Today I have a quick transformation of a yard sale find of my own to share. I LOVE how paint can truly transform just about anything from something dated, ugly, or boring into something fabulous.
I am especially a fan of all the great textured looks you can achieve with paint. There are so many great techniques to add depth and interest to painted projects – washes, glazes, dry-brushing, distressing, waxing, layering…
Several months ago I found the cutest little gold sunburst mirror. It was fine as it was but to me it was just crying out for a bit of texture. So I whipped out some Annie Sloan Chalk Paint and went to work layering on different colors.

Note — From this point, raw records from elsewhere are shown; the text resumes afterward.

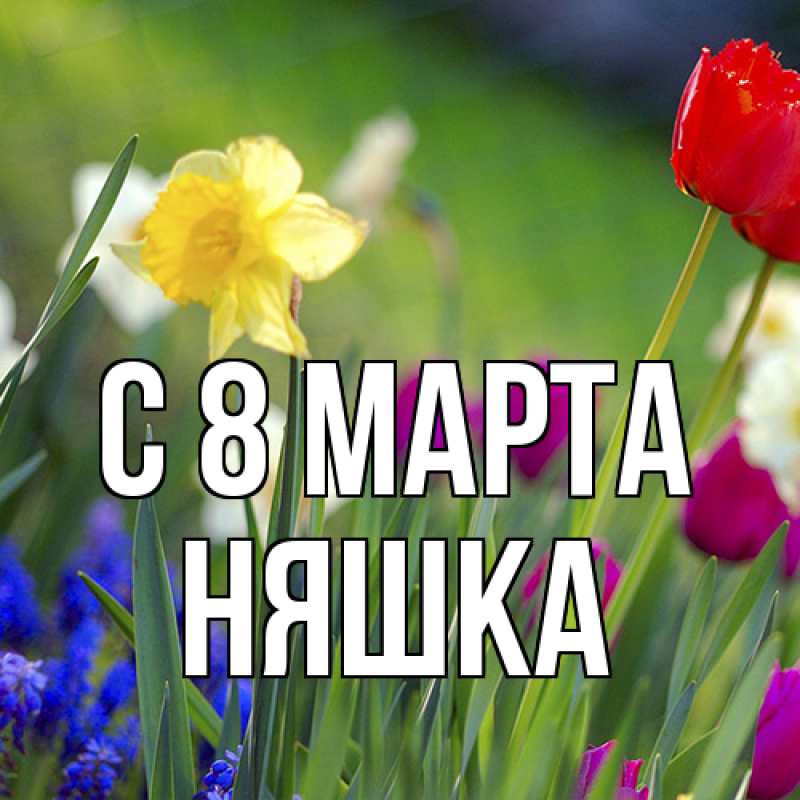 Открытка с именем, Няшка, C 8 МАРТА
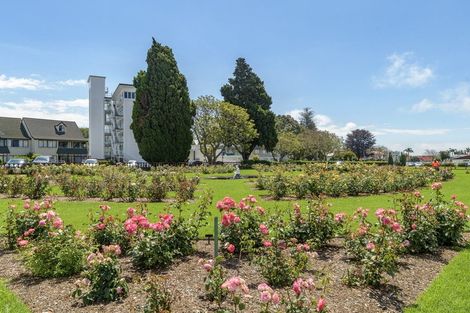 Photo of property in 3/22 Cliff Road, Tauranga, 3110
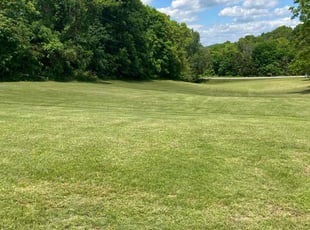 Kenneth C.'s grass maintenance service result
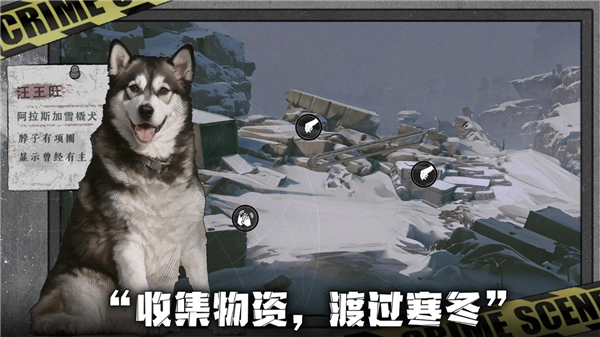 我在末日捡垃圾截图2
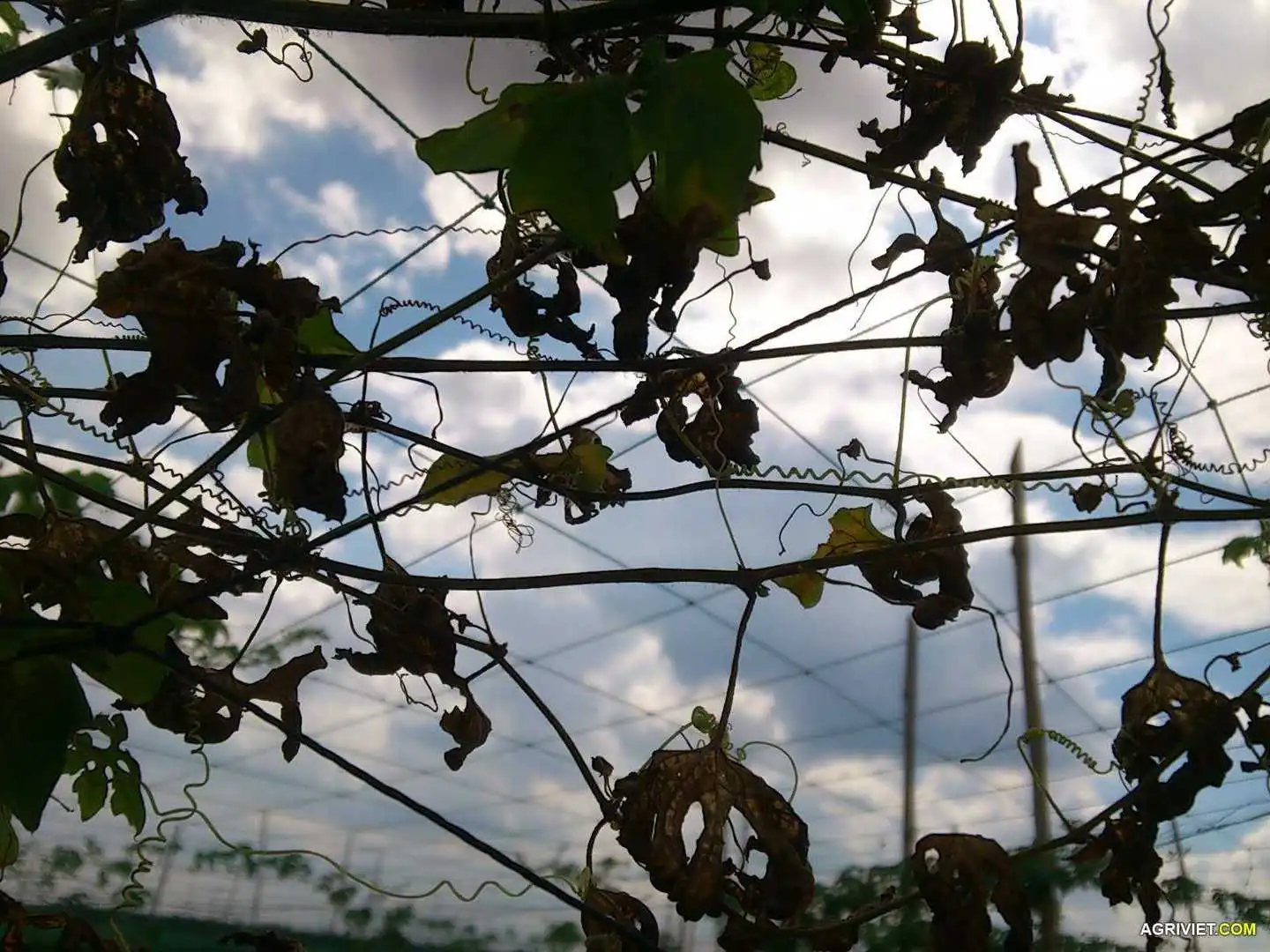 Làm sao trị bệnh cháy lá trên cây khổ qua hiệu quả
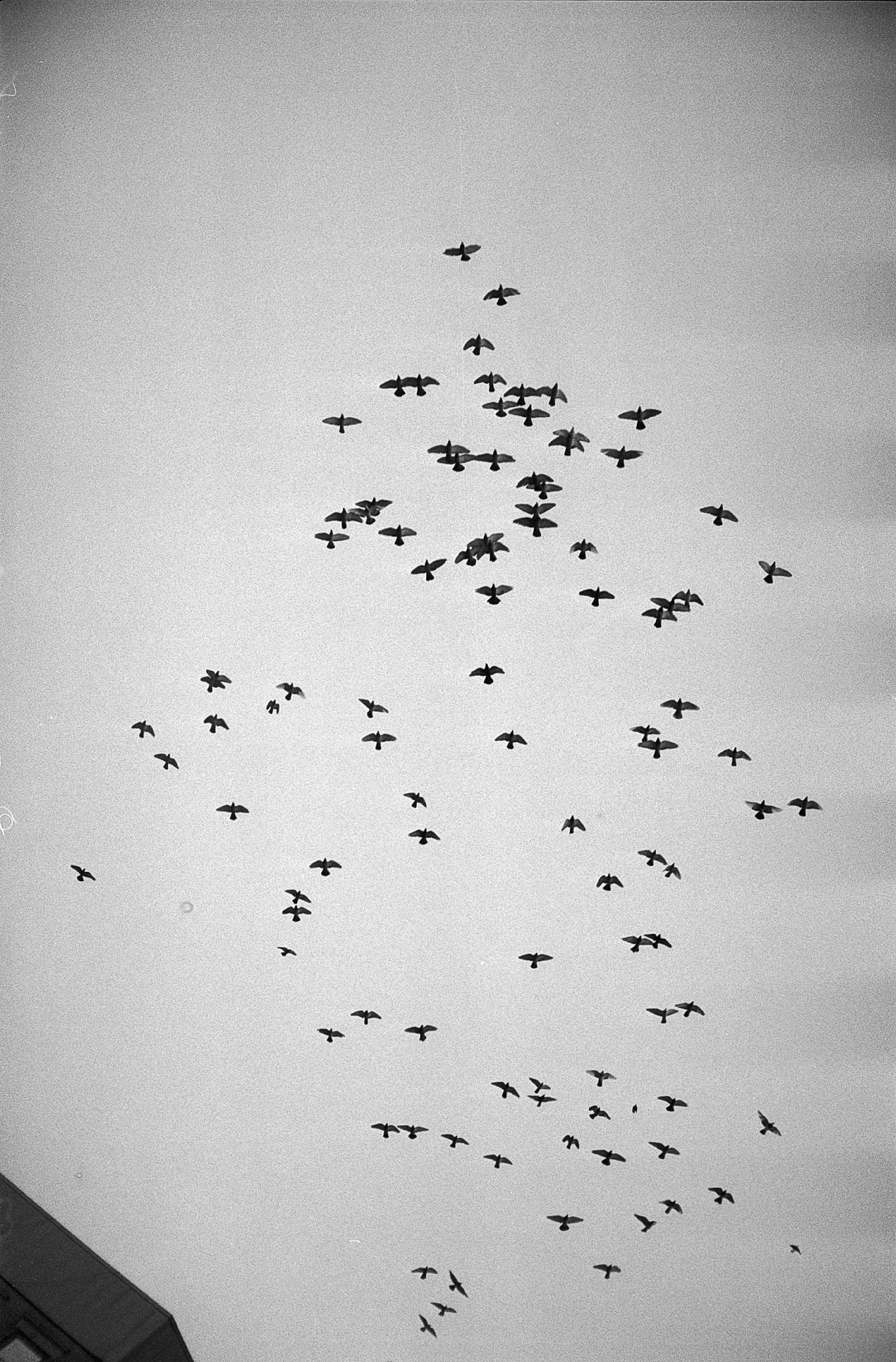 Flocking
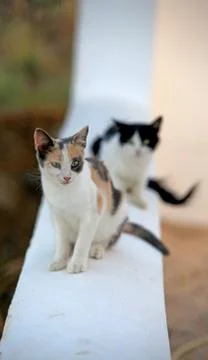 Cats Stock Photos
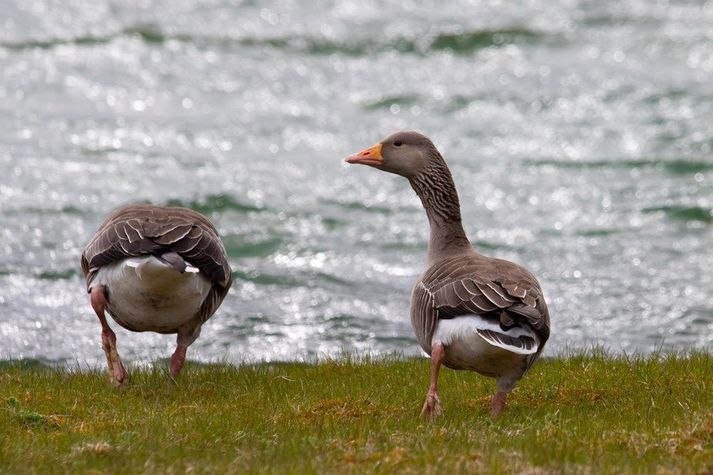 Fjölmargar gæsir munu falla fyrir kúlum veiðimanna hér á landi næstu vikurnar.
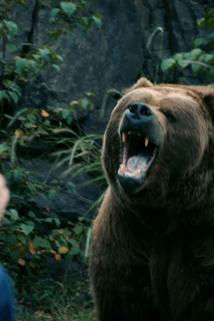 Profilový obrázek - Grizzly Bear Attack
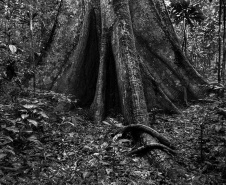 BRDE - mergulho caleidoscópico entre dragas e dragões, da fotógrafa Vilma Slomp nova exposição no Espaço Cultural BRDE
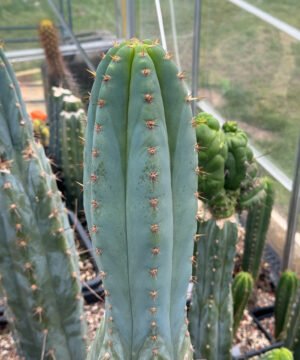 Tr. peruvianus 'Matucana' Cuttings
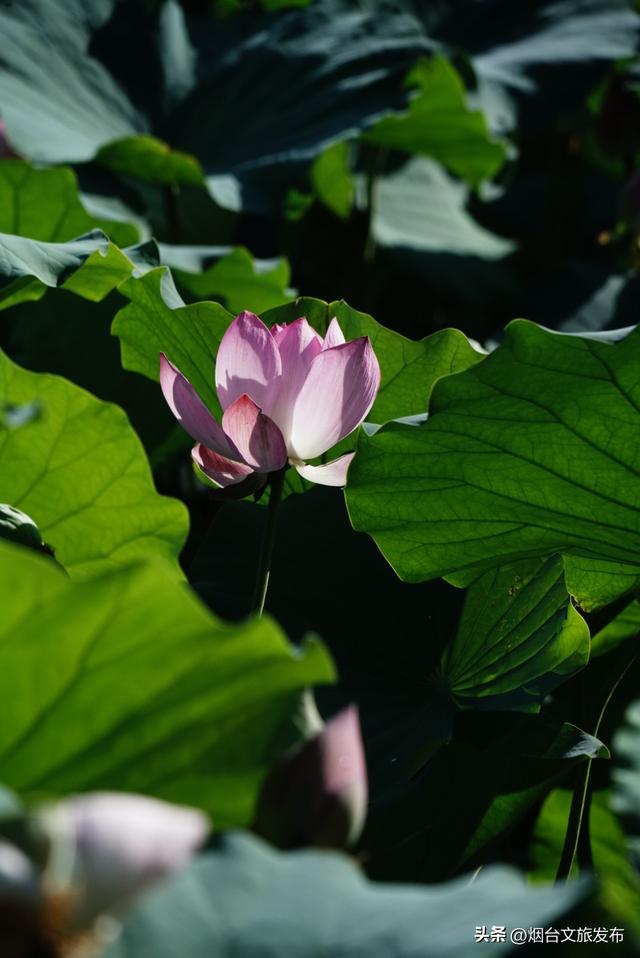 【乐游烟台】东山荷语——夏日限定的诗意流淌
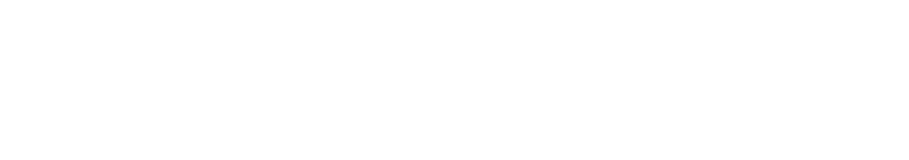 Logo FlowChief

There are several great things about this technique:
- You don’t have to use chalk paint – you can really use just about anything. I chose chalk paint because I just love the look it gives and I already had some.
- It is easy and fast. When you dry-brush, you don’t have to worry about covering everything or being perfect – you kind of just slap the paint on.
- It looks seriously awesome when you are done.
Dry brushing made simple
- I don’t have a great before picture, but here you can see the cheapy gold finish it had to start. I did tape off the mirror before I began to make clean up easier at the end.
- Take your base color (in this case Pure White) and dry brush it onto the frame. Dry brushing is pretty much what it sounds like. Dip the brush slightly into the paint and then wipe most of it off against the edge of the can. Then wipe a little more excess off on a piece of newspaper or paper towel. Then lightly brush the remaining paint onto the surface. The paint will be a little thicker in some areas and in others, the original color will show through – this is what you want, that is what gives it texture.
- Take your second color ( Providence) and basically do the same thing. It is up to you how thickly you want to paint on this color – just play around with it. You really can’t mess up with a project like this because you can always add more layers.
- Finally, take your base color again and lightly dry brush over the top of everything. This will help the colors blend together a bit and give that awesome depth and interest.
I love how weathered and broken-in the final finish looks – beautiful! (And no one has to know how easy it was).
Are you a texture fiend like me? What is your favorite technique for getting a textured finish with paint?